The statement summarizes the psychosocial impact of CHD during various stages of life:
Infancy: Infants may be subjected to frightening or unpleasant treatments, and they may be away from caretakers and family for lengthy periods of time for surgery or other hospitalisation. As a result, newborns with CHD may be hypersensitive to light and sound, have difficulties eating and sleeping, or exhibit severe anxiety and distress, as well as developmental abnormalities.
Childhood: Additional hospitalizations and operations may occur, resulting in less opportunities to play or attend school, as well as developmental delays. As a result, children with CHD may become socially distant, exhibit anxiety or depression symptoms, struggle in school, or exhibit violence or hyperactivity.
Adolescence — As teens transition from paediatric to adult care, they may experience health difficulties while striving for independence, extending their social networks, and taking on greater responsibility for managing their health care. Adolescents with CHD may experience social difficulties, become angry, rebellious, or frustrated, or have body image issues in response. They may also engage in harmful habits or fail to adhere to health guidelines.
Adulthood — During adulthood, there may be new or worsening heart symptoms, recurrent surgeries or other cardiac treatments, and CHD can have an impact on income, job, insurance, and family planning possibilities. Adults with CHD may struggle with interpersonal connections, further education, or work as a result. They may also have difficulty taking care of their own health and grow concerned about death and dying.
“It’s completely understandable to have a psychological reaction to living with a congenital heart defect. The condition presents numerous challenges throughout the lifespan and may include unexpected news — such as a person realizing they can no longer physically manage the demands of their job, or learning that there are significant risks to pregnancy,” said Kovacs. “Many people with CHD have tremendous resilience in the face of these challenges. At the same time, we want to normalize psychological reactions and increase the prevalence of care for psychological well-being to help people with CHD experience a full and healthy life.”

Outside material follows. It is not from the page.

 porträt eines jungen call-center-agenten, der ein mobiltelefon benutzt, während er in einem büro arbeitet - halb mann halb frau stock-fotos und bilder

Approaches to mental health care, according to the statement, may include self-care strategies such as relaxation techniques and hospital-based or online support groups; psychotherapy such as talk therapies for individuals, couples, families, or groups; and medication therapy in which a medical team can determine appropriate, heart-safe medications for depression or anxiety.
The declaration strongly supports the inclusion of mental health practitioners in CHD specialised care teams. Integrated mental health care normalises emotional reactions to health issues, minimises stigma, promotes prompt access when health problems develop, and provides integrated care across the multidisciplinary health care team.
“The goal of this statement is to foster psychologically informed care that empowers people with CHD and their families and provides emotional support,” said Kovacs. “We would like mental health assessment and support to be part of comprehensive care for all people with CHD rather than a special service that is offered only in some places or special circumstances.”